La section cantonale du parti réussit ainsi un coup surprenant. Après l'annonce de la démission d'Ueli Maurer, la possibilité de voir un Zurichois lui succéder s'est réduite de jour en jour. La conseillère d'Etat Natalie Rickli s'est retirée de la course. Les conseillers nationaux Gregor Rutz et Thomas Matter ont aussi renoncé, tout comme la plupart des autres représentants du canton au Conseil national.

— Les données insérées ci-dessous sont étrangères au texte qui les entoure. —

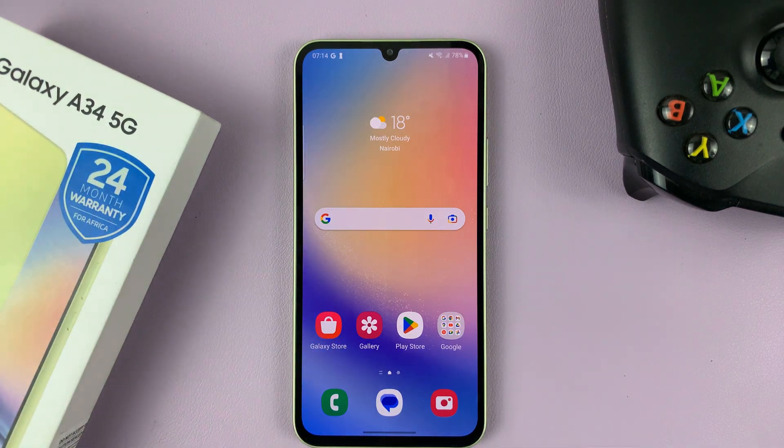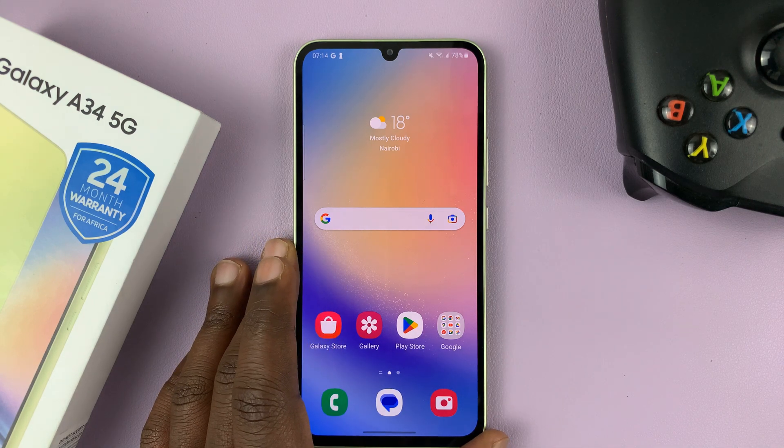I have the Samsung Galaxy A34, and in today's tech tip, I'll be showing you how to reset all the network settings.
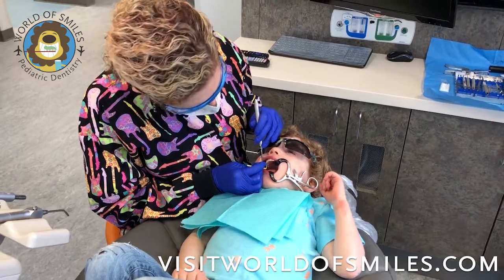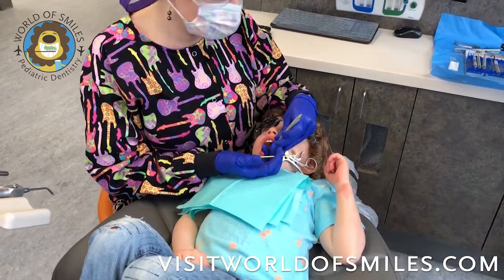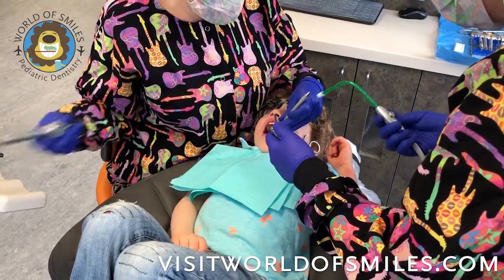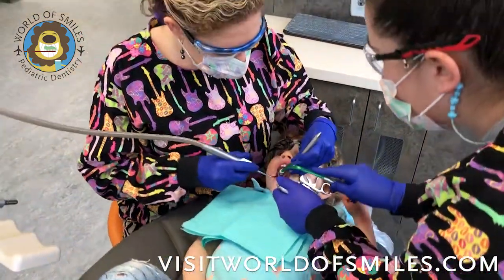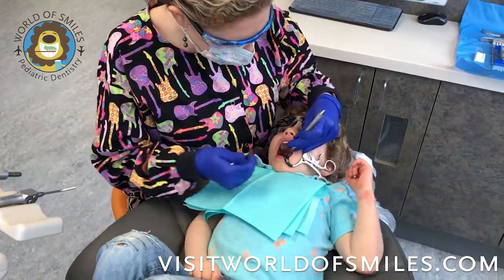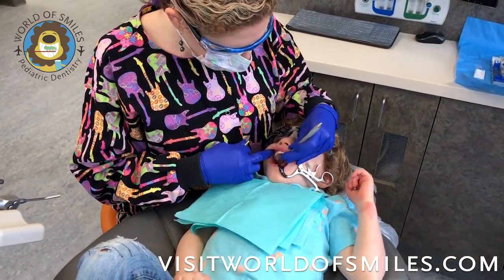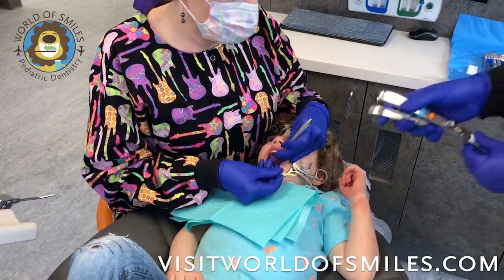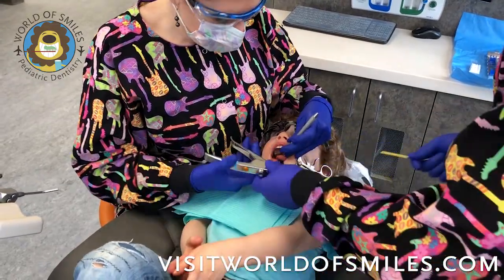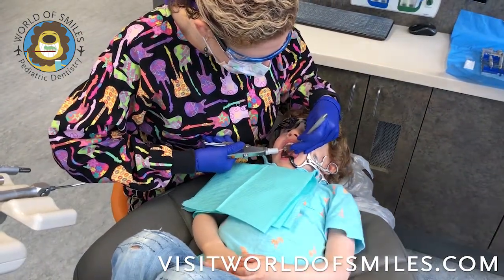After you scrub those teeth and get them nice and clean, we will go ahead and rinse that off. Once it is nice and rinsed, it doesn't need to be bone dry for the glass ionomer — we will want it to be even slightly moist, but not dripping wet. Then, after your assistant has activated the glass ionomer, in this case we're using Fuji 9 that is not light cured.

Zurich a-t-il déjà abandonné?
La section zurichoise de l'UDC, qui a marqué le parti de son empreinte pendant des années, se rendait petit à petit à l'évidence. Les grands pontes craignaient déjà une candidature alibi, avec laquelle l'UDC zurichoise s'exposerait plus à l'embarras qu'à une réelle chance de succès. Plusieurs voix se sont élevées pour dénoncer l'échec du parti au cours des dernières années. Celui-ci n'a pas réussi à se doter de candidates et de candidats capables d'obtenir une majorité et disposés à s'engager.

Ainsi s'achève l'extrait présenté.